Au final, on peut donc affirmer que le neuromarketing est utile. Par sa capacité à mesurer les émotions et l'attention, il peut apporter un complément d'information qui aide à affiner la décision marketing. Mais pour le mettre en oeuvre, certaines précautions sont à prendre.
Un outil parmi tant d'autres
Pour ne citer qu'eux, l'Esomar (European society for opinion and market research) et l'ARF (Advertising research foundation), suivies par nombre de professionnels, recommandent de l'utiliser en complément d'études classiques, mais jamais seul. Le neuromarketing mesure une réaction que seule l'étude traditionnelle peut expliquer, grâce à un profil d'image, par exemple. Les mesures fiables de l'émotion et de l'attention sont connues. Elles ont fait l'objet d'articles scientifiques publics. Il ne faut pas hésiter à s'y référer pour comprendre les mesures qui sont proposées.
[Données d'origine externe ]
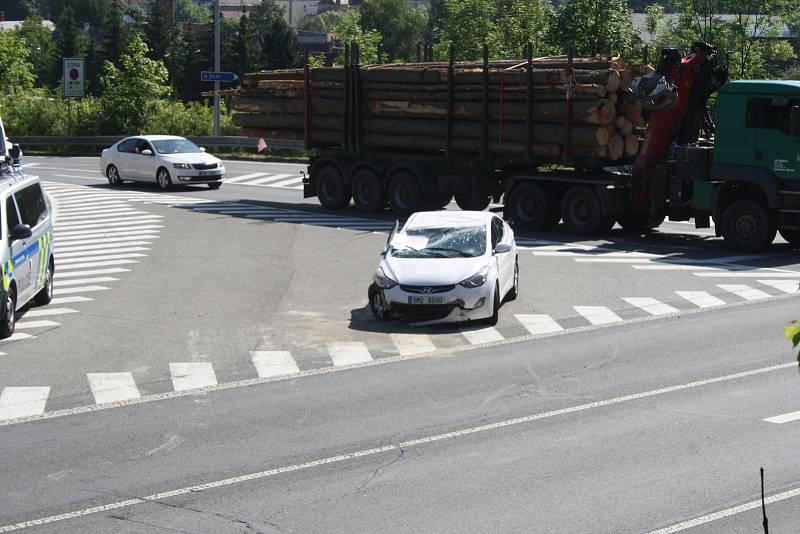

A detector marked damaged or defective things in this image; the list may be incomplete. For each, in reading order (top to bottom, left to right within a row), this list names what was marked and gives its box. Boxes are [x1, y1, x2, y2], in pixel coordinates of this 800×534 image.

shattered windshield [390, 226, 484, 260]
damaged white car [368, 211, 520, 324]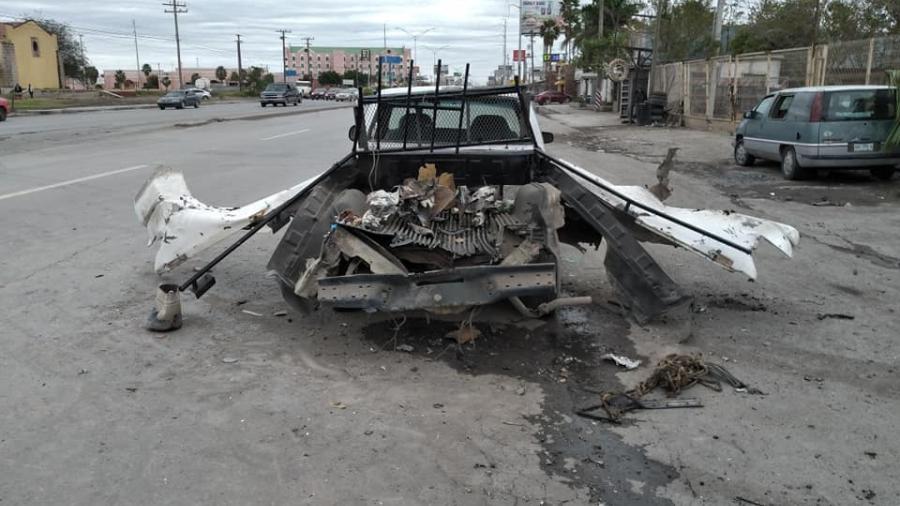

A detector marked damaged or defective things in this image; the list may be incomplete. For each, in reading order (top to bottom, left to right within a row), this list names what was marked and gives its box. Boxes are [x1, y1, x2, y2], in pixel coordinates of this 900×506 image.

bent metal bumper [316, 262, 556, 310]
wrecked pickup truck [135, 66, 800, 328]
Enfin, il faut s'assurer de la compétence et du sérieux du prestataire. Des organisations peuvent y aider, et il ne faut pas hésiter à s'en rapprocher pour en savoir plus. Au niveau international, l'Esomar et la NMSBA (Neuromarketing science & business association) ont édité des documents utiles et accessibles. En France, l'Adetem a créé un club Neurosciences et marketing, qui propose de réfléchir et d'échanger sur le sujet.